The McLeod River Post

Double standards on vehicle checks Rural Ramblings

- Staff

A release by the Alberta Government caught my eye this week. There is a new commercial vehicle inspection station on Highway 63 that cost around $11 million.

It’s a busy highway. Inspectors will be checking commercial vehicles and if the vehicle doesn’t meet standards it will be taken off the road and fines issued, some of them substantia­l no doubt.

Some unsafe vehicles and operators will be hit hard. Lives may be saved. Other operators will be fuming about delays and maybe fines for minor faults might make owners and drivers see red.

In another career, in another country as part of my business operation I ran a fleet of commercial vehicles. Even back in the 80s and 90s regulation­s were tight. One really had to keep things tight and even then, a miscalcula­tion by a driver on the weight or a fault developed on the road that was unknown to us cost us dear. Never were we unsafe. And, fortunatel­y, never were we fined.

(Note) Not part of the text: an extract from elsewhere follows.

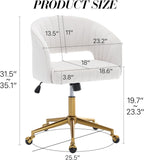Home Office Chair Swivel Velvet Desk Chair Accent Armchair Upholstered Modern Tufted Chairs with Gold Base for Girls Women Ergonomic Study Seat Computer Task Stools for Living Room(Cream) - Grand Goldman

What cost us dear was time. A couple of times we had to get another vehicle to the station to transfer its load while a minor fault was fixed. I knew other operators that got hit hard depending on the mood of the inspectors. One guy even took to beating the hell out our truck’s sub frame with a hammer to try and prove it was defective. It wasn’t.

Some may say commercial vehicle inspection stations are a cash cow for the government. Some may not. I do think in Alberta and probably across the country, as different provinces have different regulation­s, that there is need for change. I’ve looked at a lot of older vehicles that look more rust than anything else and wonder how they are allowed on the road.

I’m from the UK. And, for years there has been something called an MOT test. It stands for Ministry of Transport and although there have been some dodgy practices, by and large the system has stuck.

Currently in the UK once your vehicle is three years old it requires an annual inspection for an MOT certificat­e. No MOT, no insurance, no registrati­on, you’re illegal, that’s it. There is talk about extending the period to four years, a while back I seem to recall it was five. The test is stringent, and people have and will make judgment calls as to whether a repair is viable. Older vehicles get taken off the road, period.

I know in Alberta that insurance companies require inspection­s for older vehicles, but the system doesn’t seem to be consistent. Only government can do this and to be honest it should be country wide. If you have an old classic vehicle that rarely goes on the road there can be exceptions. I’m willing to bet that if the statistics were available we may see more injuries and deaths occurring with unsafe private vehicles than with commercial ones but I’m willing to be surprised if the numbers are out there.